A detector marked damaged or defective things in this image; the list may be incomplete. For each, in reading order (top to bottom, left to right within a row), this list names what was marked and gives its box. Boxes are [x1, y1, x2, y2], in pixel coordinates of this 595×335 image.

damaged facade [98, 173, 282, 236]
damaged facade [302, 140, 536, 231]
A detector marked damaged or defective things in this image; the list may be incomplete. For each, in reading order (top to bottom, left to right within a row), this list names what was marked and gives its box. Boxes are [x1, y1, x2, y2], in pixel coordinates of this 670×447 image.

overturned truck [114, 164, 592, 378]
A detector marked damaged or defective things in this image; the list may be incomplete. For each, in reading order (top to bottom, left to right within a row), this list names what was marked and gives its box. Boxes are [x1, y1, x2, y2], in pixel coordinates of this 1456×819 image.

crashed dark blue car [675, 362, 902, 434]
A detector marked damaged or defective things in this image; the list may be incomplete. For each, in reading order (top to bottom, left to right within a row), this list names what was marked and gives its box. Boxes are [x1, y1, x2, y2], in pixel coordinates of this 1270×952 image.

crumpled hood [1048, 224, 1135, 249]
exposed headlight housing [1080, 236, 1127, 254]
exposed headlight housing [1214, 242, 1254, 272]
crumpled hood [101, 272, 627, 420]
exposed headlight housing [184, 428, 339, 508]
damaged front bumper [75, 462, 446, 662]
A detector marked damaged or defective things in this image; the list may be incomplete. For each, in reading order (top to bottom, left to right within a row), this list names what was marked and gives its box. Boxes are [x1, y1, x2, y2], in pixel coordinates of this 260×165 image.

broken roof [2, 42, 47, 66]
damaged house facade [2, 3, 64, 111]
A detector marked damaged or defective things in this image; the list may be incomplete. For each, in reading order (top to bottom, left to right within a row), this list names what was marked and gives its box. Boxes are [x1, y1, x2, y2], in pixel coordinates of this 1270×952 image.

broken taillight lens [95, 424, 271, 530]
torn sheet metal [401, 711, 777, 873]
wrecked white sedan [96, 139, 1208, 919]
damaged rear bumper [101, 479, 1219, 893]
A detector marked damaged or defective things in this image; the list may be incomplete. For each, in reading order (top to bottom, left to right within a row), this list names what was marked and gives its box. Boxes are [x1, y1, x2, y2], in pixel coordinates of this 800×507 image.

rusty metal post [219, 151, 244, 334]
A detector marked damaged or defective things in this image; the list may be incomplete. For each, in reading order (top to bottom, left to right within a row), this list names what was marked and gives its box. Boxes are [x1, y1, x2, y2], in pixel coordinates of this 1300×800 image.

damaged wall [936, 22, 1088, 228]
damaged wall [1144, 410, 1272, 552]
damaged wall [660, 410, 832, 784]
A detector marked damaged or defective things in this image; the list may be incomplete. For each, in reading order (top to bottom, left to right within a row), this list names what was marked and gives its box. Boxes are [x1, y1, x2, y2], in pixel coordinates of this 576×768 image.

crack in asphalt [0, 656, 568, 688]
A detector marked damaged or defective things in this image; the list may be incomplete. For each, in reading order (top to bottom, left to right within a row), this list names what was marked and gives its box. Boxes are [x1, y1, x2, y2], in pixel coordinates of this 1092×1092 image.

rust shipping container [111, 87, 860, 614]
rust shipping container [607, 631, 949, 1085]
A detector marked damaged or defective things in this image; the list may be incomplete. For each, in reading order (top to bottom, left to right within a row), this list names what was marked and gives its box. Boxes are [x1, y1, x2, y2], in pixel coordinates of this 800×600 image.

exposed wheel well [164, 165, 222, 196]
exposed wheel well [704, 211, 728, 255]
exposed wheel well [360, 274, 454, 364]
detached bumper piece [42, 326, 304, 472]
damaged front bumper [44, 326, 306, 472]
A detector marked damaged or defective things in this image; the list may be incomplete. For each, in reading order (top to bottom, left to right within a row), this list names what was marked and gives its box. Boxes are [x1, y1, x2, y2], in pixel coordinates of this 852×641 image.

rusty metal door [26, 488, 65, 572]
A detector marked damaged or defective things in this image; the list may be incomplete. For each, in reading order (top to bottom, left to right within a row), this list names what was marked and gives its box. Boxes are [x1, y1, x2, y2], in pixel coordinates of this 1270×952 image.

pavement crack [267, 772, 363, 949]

######

INSTRUCTIONS TO FOLLOW -
Each record above should be repeated exactly.

SOLUTION TO THE PROBLEM -
A detector marked damaged or defective things in this image; the list may be incomplete. For each, in reading order (top to bottom, left to right within a row), this list names what was marked and gives its box. Boxes are [x1, y1, x2, y2], in pixel coordinates of this 595×335 image.

damaged facade [98, 173, 282, 236]
damaged facade [302, 140, 536, 231]
A detector marked damaged or defective things in this image; the list may be incomplete. For each, in reading order (top to bottom, left to right within a row), this list names what was marked and gives its box. Boxes are [x1, y1, x2, y2], in pixel coordinates of this 670×447 image.

overturned truck [114, 164, 592, 378]
A detector marked damaged or defective things in this image; the list may be incomplete. For each, in reading order (top to bottom, left to right within a row), this list names what was marked and gives its box. Boxes are [x1, y1, x2, y2], in pixel coordinates of this 1456×819 image.

crashed dark blue car [675, 362, 902, 434]
A detector marked damaged or defective things in this image; the list may be incomplete. For each, in reading order (top to bottom, left to right within a row), this list names what was marked and gives its box. Boxes are [x1, y1, x2, y2], in pixel coordinates of this 1270×952 image.

crumpled hood [1048, 224, 1135, 249]
exposed headlight housing [1080, 236, 1127, 254]
exposed headlight housing [1214, 242, 1254, 272]
crumpled hood [101, 272, 627, 420]
exposed headlight housing [184, 428, 339, 508]
damaged front bumper [75, 462, 446, 662]
A detector marked damaged or defective things in this image; the list may be incomplete. For each, in reading order (top to bottom, left to right within a row), this list names what was marked and gives its box. Boxes are [x1, y1, x2, y2], in pixel coordinates of this 260×165 image.

broken roof [2, 42, 47, 66]
damaged house facade [2, 3, 64, 111]
A detector marked damaged or defective things in this image; the list may be incomplete. For each, in reading order (top to bottom, left to right within a row), this list names what was marked and gives its box. Boxes are [x1, y1, x2, y2], in pixel coordinates of this 1270×952 image.

broken taillight lens [95, 424, 271, 530]
torn sheet metal [401, 711, 777, 873]
wrecked white sedan [96, 139, 1208, 919]
damaged rear bumper [101, 479, 1219, 893]
A detector marked damaged or defective things in this image; the list may be incomplete. For each, in reading order (top to bottom, left to right within a row), this list names what was marked and gives its box. Boxes are [x1, y1, x2, y2], in pixel coordinates of this 800×507 image.

rusty metal post [219, 151, 244, 334]
A detector marked damaged or defective things in this image; the list may be incomplete. For each, in reading order (top to bottom, left to right within a row), this list names what was marked and gives its box. Boxes are [x1, y1, x2, y2], in pixel coordinates of this 1300×800 image.

damaged wall [936, 22, 1088, 228]
damaged wall [1144, 410, 1272, 552]
damaged wall [660, 410, 832, 784]
A detector marked damaged or defective things in this image; the list may be incomplete. For each, in reading order (top to bottom, left to right within a row), this list names what was marked and gives its box. Boxes are [x1, y1, x2, y2], in pixel coordinates of this 576×768 image.

crack in asphalt [0, 656, 568, 688]
A detector marked damaged or defective things in this image; the list may be incomplete. For each, in reading order (top to bottom, left to right within a row), this list names what was marked and gives its box. Boxes are [x1, y1, x2, y2], in pixel coordinates of this 1092×1092 image.

rust shipping container [111, 87, 860, 614]
rust shipping container [607, 631, 949, 1085]
A detector marked damaged or defective things in this image; the list may be incomplete. For each, in reading order (top to bottom, left to right within a row), this list names what was marked and gives its box. Boxes are [x1, y1, x2, y2], in pixel coordinates of this 800×600 image.

exposed wheel well [164, 165, 222, 196]
exposed wheel well [704, 211, 728, 255]
exposed wheel well [360, 274, 454, 364]
detached bumper piece [42, 326, 304, 472]
damaged front bumper [44, 326, 306, 472]
A detector marked damaged or defective things in this image; the list may be incomplete. For each, in reading order (top to bottom, left to right within a row), this list names what was marked and gives its box. Boxes are [x1, y1, x2, y2], in pixel coordinates of this 852×641 image.

rusty metal door [26, 488, 65, 572]
A detector marked damaged or defective things in this image; the list may be incomplete. For each, in reading order (top to bottom, left to right within a row), this list names what was marked and gives its box. Boxes are [x1, y1, x2, y2], in pixel coordinates of this 1270×952 image.

pavement crack [267, 772, 363, 949]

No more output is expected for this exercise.